Wildblood said there were also opportunities to use LEO satellites during natural disasters when telecommunications infrastructure is impacted by floods or fires. He said there was also a business case with the rise of cybercrime.

“Satellite is increasingly going to play a more important part in national security,” he said. “We’ve seen the situations that have gone on at Optus and Medibank…but if you think about nation state attacks in the state of war – the first thing to do is take our communication networks.

“If they take out the terrestrial communication networks, you’ve got to communicate somehow and satellite provides optionality.”

Wildblood said he did not expect the deal would lead to a material increase in earnings over the next few years, but believes it will allow Vocus to reach more people and take market share.

“We have about 10 per cent of the business market in data and IP,” he said. “We strongly believe this will give us opportunity to take market share from [geostationary orbit] satellite providers plus NBN services that might be operating on traditional satellites. Plus, it opens up opportunities to complement our fibre.”
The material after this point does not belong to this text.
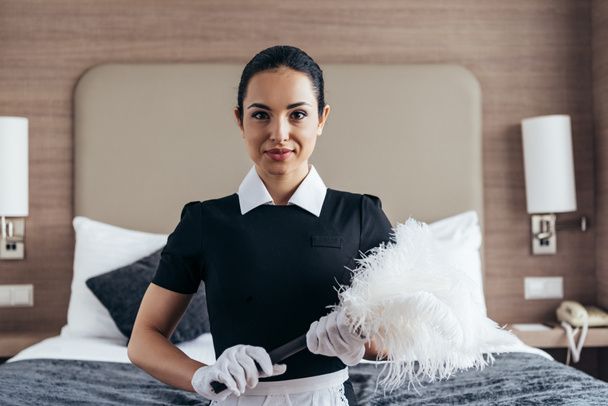 front view of smiling maid in white gloves holding duster near bed and looking at camera - Zdjęcie, obraz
Vocus is one of several telecommunications providers exploring ways to invest in LEO satellites, which sit about 300 km from earth (NBN’s satellites sit 36,000 km from earth). Telstra announced in September it was testing OneWeb’s LEO satellites in Australia (Vocus already has a relationship with OneWeb). In October, the federal government said it was looking at using LEO satellites to improve regional telecommunications coverage.